Registrar/Deputy Registrar
Date...............
Solicitors: Legal Vision, Auckland
Copy to: Respondents
BODY CORPORATE NO. 341188 v KELLY & ANOR [2015] NZHC 1647 [14 July 2015]
Introduction/background
[1] The appellant is a Body Corporate comprised of the unit
owners of an apartment building in St Marys Bay, Auckland.
The respondents
are owners of one of the residential units and owned a number of future
development units (FDUs) at the material
time. Mr Kelly, the first named
respondent, built the apartment building but was adjudicated bankrupt and his
associated companies
were placed into liquidation. After release from bankruptcy
Mr Kelly and the other named respondent obtained legal ownership of the
residential unit and the FDUs.
[2] The Body Corporate levied the sum of $43,734.17 in respect of certain of the FDUs. The respondents did not pay the levy. The Body Corporate commenced proceedings in the Tenancy Tribunal seeking recovery of the total sum of $49,869.26 being the levies, interest at 10 per cent from 30 April 2013, collection costs and an
$850 lodgement fee.
[3] On 27 September 2013 the Tenancy Tribunal made an order in the
Body
Corporate’s favour, but only for $5,913.06, a small portion of its
claim.
[4] The Body Corporate appealed the order of the Tenancy
Tribunal to the
District Court. The appeal was lodged with the District Court at Auckland on
9 April
2014, some seven months after the decision had been issued by the Tribunal.

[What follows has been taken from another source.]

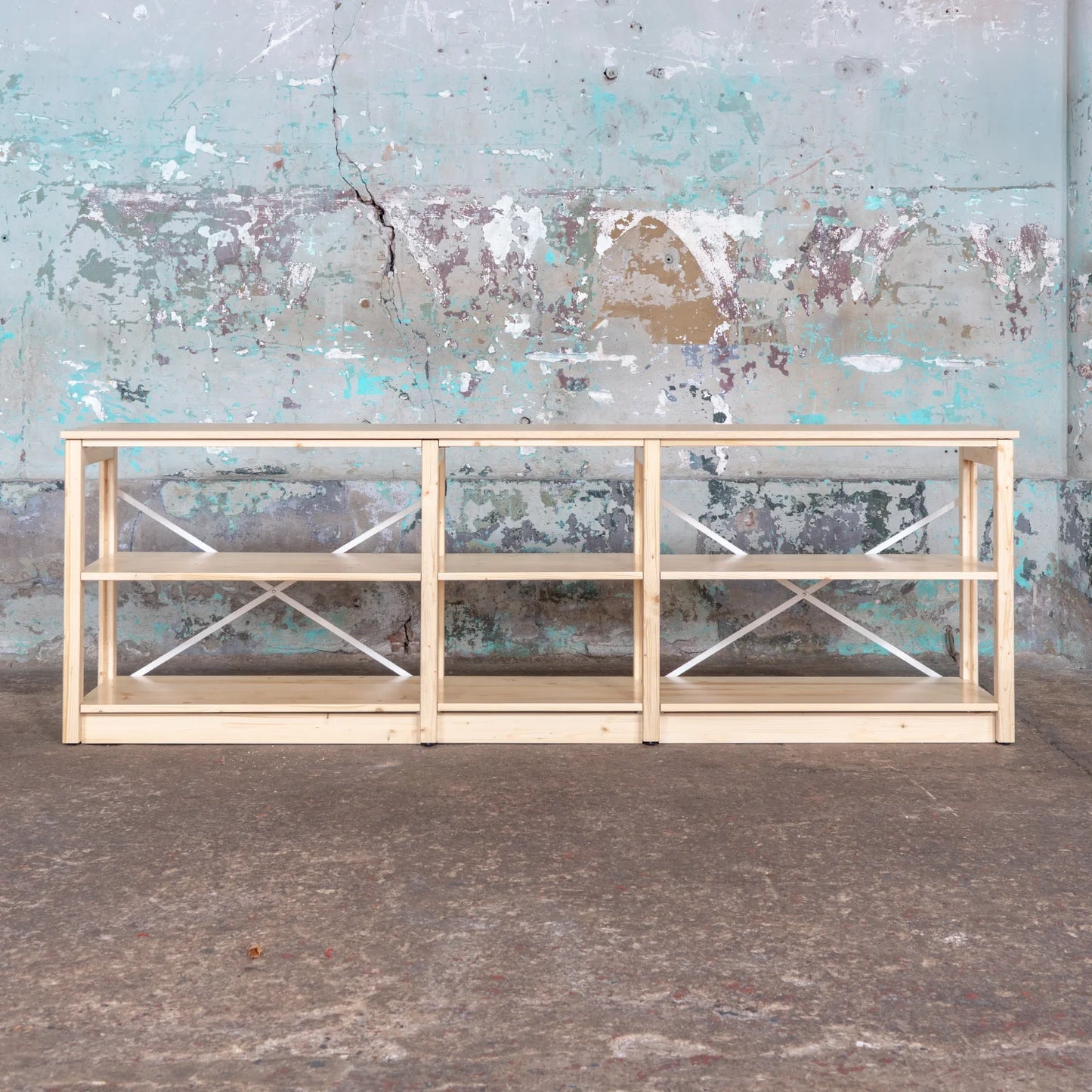 Open sideboard | Lundia Original | Clear lacquered solid wood, empty front view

The respondent took the time point and submitted the
appeal must be dismissed as
being brought out of time.
The District Court decision
[5] Judge B A Gibson ruled that s 117 of the Residential Tenancies Act 1986 (the Act), which provided for the time to appeal was mandatory1. An appeal had to be brought within 10 working days of the date of the decision. In this case it was not.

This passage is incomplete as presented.